Drug diffusion (more precisely solid state diffusion) was mentioned earlier as one of the most common mechanisms of drug release. There are models that consider diffusion of solutes in polymers insignificant in comparison with diffusion in water-filled spaces in between polymer chains, so they assume that water uptake and subsequent solubilization of the drug is an important step in the release process and it is the solvated molecule that is actually diffusing [61]. This is the assumption behind biphasic diffusion that includes an initial diffusion phase through the polymer (either amorphous or semi-crystalline) and a second diffusion phase through water-filled pores formed in the fiber due to polymer swelling/chain rearrangement or polymer recrystallization [55, 62].
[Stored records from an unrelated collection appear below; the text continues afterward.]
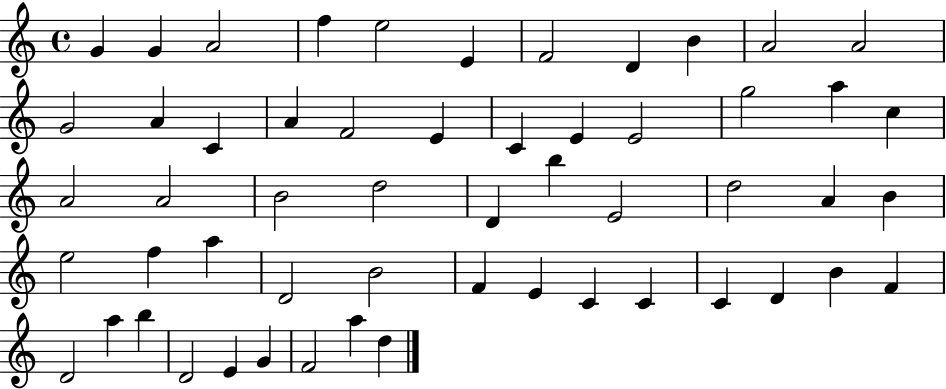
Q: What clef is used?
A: treble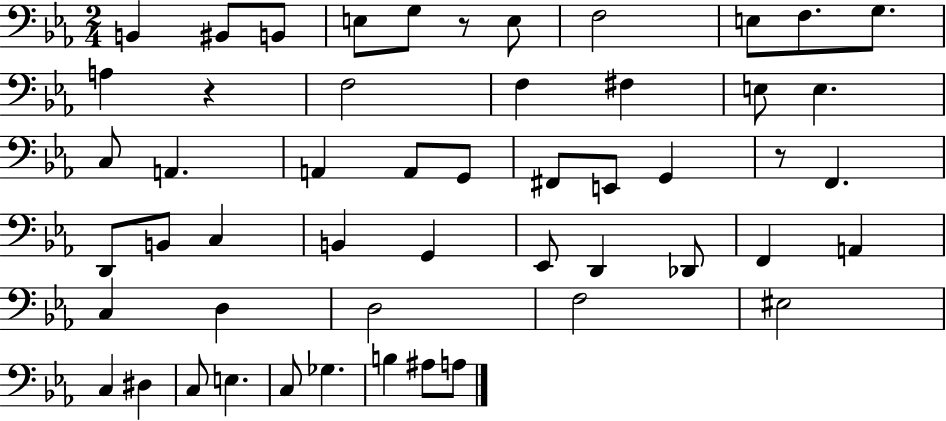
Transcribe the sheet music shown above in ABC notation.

X:1
T:Untitled
M:2/4
L:1/4
K:Eb
B,, ^B,,/2 B,,/2 E,/2 G,/2 z/2 E,/2 F,2 E,/2 F,/2 G,/2 A, z F,2 F, ^F, E,/2 E, C,/2 A,, A,, A,,/2 G,,/2 ^F,,/2 E,,/2 G,, z/2 F,, D,,/2 B,,/2 C, B,, G,, _E,,/2 D,, _D,,/2 F,, A,, C, D, D,2 F,2 ^E,2 C, ^D, C,/2 E, C,/2 _G, B, ^A,/2 A,/2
The power law equation, which was developed considering that the main mechanism for drug release is drug diffusion through the polymer or solvent diffusion inside the polymer that produces polymer relaxation/chain rearrangement (Eq. 1) is the most widely used equation in works concerning drug release:

$$ {\frac{{m}_{t}}{{m}_{\rm tot}}} = {a}_0+ {kt}^{n} $$
(1)

where \(m_{t}/m_{\rm tot}\) is the fractional release of the drug at time \(t,\) \(a_0\) is a constant, representing the percentage of burst release, \(k\) is the kinetic constant and \(n\) is the release exponent, indicating the mechanism of drug release (which can either be Fickian drug diffusion or polymer relaxation or an intermediate case combining the two [63]).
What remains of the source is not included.